## EXERCISE DETAILS:
Please copy out the entries until you have copied the line that contains "Certified 2025 BMW", beginning with the first line.

=== Begin Enclosure ===

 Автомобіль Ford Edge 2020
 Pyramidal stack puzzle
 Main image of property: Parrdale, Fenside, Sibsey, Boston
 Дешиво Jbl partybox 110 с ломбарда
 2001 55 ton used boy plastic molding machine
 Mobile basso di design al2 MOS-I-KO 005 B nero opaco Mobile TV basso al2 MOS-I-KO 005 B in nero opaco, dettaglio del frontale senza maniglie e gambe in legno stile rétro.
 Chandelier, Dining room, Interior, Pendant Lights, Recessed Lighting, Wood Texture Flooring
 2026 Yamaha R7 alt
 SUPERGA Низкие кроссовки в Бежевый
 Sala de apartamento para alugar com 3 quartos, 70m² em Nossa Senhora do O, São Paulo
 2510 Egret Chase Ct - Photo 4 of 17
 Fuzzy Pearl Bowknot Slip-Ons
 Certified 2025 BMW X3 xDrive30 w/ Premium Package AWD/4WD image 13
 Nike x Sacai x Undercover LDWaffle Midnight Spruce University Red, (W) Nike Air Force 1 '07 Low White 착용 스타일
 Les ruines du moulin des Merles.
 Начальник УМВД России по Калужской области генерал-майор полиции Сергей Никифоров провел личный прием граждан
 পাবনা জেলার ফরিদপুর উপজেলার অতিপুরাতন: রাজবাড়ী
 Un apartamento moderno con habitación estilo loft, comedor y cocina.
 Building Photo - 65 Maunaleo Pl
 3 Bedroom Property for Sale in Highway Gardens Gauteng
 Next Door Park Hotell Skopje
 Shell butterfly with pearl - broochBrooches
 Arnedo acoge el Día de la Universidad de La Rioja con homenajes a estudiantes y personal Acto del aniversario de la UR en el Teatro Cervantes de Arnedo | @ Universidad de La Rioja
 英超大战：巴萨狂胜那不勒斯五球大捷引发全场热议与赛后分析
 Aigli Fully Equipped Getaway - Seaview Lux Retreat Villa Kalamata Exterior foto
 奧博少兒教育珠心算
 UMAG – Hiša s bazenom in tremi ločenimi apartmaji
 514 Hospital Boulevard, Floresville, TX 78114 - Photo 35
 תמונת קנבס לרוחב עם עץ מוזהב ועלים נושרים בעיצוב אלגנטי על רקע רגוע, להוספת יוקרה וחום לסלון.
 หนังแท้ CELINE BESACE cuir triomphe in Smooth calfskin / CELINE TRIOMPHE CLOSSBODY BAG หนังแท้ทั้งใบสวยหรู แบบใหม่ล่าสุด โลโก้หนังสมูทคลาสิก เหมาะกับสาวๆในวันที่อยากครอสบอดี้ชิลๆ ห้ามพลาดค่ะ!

=== End Enclosure ===

## ANSWER TO THIS TASK:
 Автомобіль Ford Edge 2020
 Pyramidal stack puzzle
 Main image of property: Parrdale, Fenside, Sibsey, Boston
 Дешиво Jbl partybox 110 с ломбарда
 2001 55 ton used boy plastic molding machine
 Mobile basso di design al2 MOS-I-KO 005 B nero opaco Mobile TV basso al2 MOS-I-KO 005 B in nero opaco, dettaglio del frontale senza maniglie e gambe in legno stile rétro.
 Chandelier, Dining room, Interior, Pendant Lights, Recessed Lighting, Wood Texture Flooring
 2026 Yamaha R7 alt
 SUPERGA Низкие кроссовки в Бежевый
 Sala de apartamento para alugar com 3 quartos, 70m² em Nossa Senhora do O, São Paulo
 2510 Egret Chase Ct - Photo 4 of 17
 Fuzzy Pearl Bowknot Slip-Ons
 Certified 2025 BMW X3 xDrive30 w/ Premium Package AWD/4WD image 13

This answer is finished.